• Data provided:
* * *
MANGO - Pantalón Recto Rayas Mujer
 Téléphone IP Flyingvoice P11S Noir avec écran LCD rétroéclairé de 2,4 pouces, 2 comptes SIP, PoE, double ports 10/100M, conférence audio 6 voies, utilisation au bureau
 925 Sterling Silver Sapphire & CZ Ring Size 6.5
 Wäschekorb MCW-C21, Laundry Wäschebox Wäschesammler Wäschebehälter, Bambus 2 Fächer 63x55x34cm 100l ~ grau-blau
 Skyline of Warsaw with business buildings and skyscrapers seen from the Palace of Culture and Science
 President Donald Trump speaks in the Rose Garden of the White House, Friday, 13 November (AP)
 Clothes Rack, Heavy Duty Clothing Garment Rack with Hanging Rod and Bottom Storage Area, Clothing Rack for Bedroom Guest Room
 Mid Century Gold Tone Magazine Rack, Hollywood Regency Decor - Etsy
* * *
• What the task asks:
Reprint every entry exactly.

• Solution to this problem:
MANGO - Pantalón Recto Rayas Mujer
 Téléphone IP Flyingvoice P11S Noir avec écran LCD rétroéclairé de 2,4 pouces, 2 comptes SIP, PoE, double ports 10/100M, conférence audio 6 voies, utilisation au bureau
 925 Sterling Silver Sapphire & CZ Ring Size 6.5
 Wäschekorb MCW-C21, Laundry Wäschebox Wäschesammler Wäschebehälter, Bambus 2 Fächer 63x55x34cm 100l ~ grau-blau
 Skyline of Warsaw with business buildings and skyscrapers seen from the Palace of Culture and Science
 President Donald Trump speaks in the Rose Garden of the White House, Friday, 13 November (AP)
 Clothes Rack, Heavy Duty Clothing Garment Rack with Hanging Rod and Bottom Storage Area, Clothing Rack for Bedroom Guest Room
 Mid Century Gold Tone Magazine Rack, Hollywood Regency Decor - Etsy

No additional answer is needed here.